(DATASET EXCERPTS)

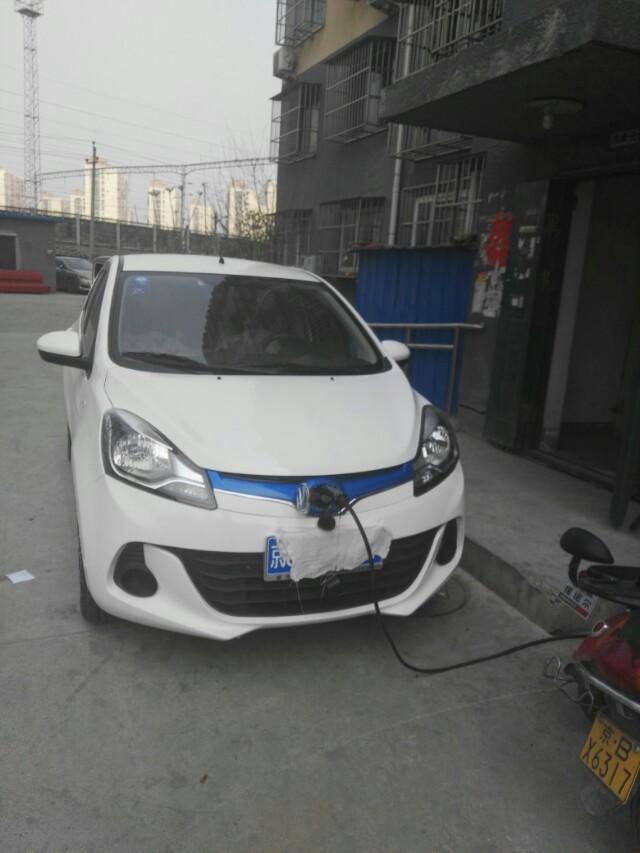 奔奔ev-奔奔新能源汽车适合年轻人开吗？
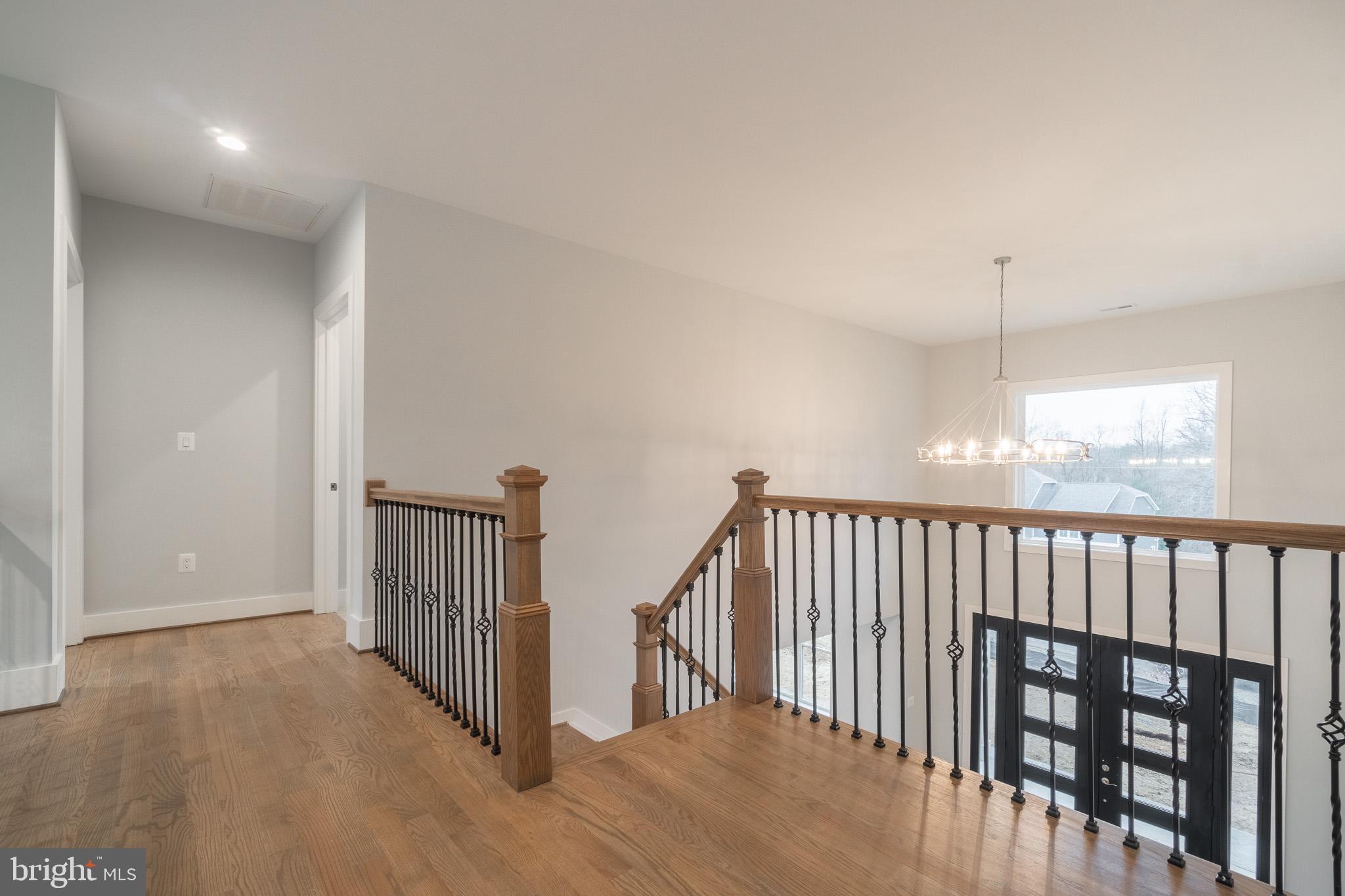 WINDSOR ESTATES - Residential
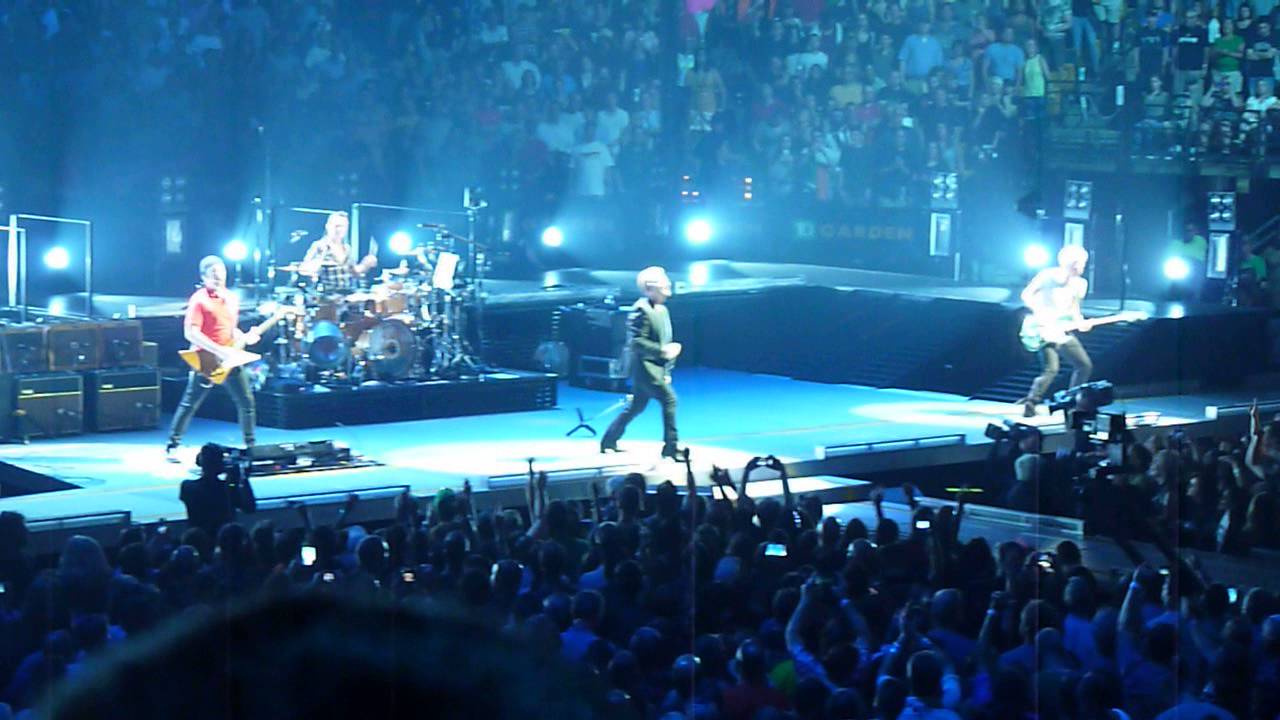 U2 Beautiful Day TD Garden Boston 7/15/15 Innocence & Experience Tour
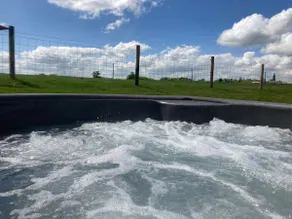 Country cottage with hot tub - Image 3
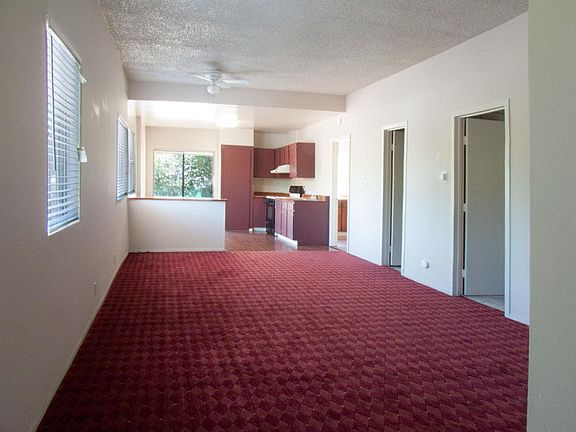 4th image of 398 N 17th St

(End DATASET EXCERPTS)

* WORK TO BE COMPLETED *
The material above should be returned exactly, without pictures.

* SOLUTION BELOW *
 奔奔ev-奔奔新能源汽车适合年轻人开吗？
 WINDSOR ESTATES - Residential
 U2 Beautiful Day TD Garden Boston 7/15/15 Innocence & Experience Tour
 Country cottage with hot tub - Image 3
 4th image of 398 N 17th St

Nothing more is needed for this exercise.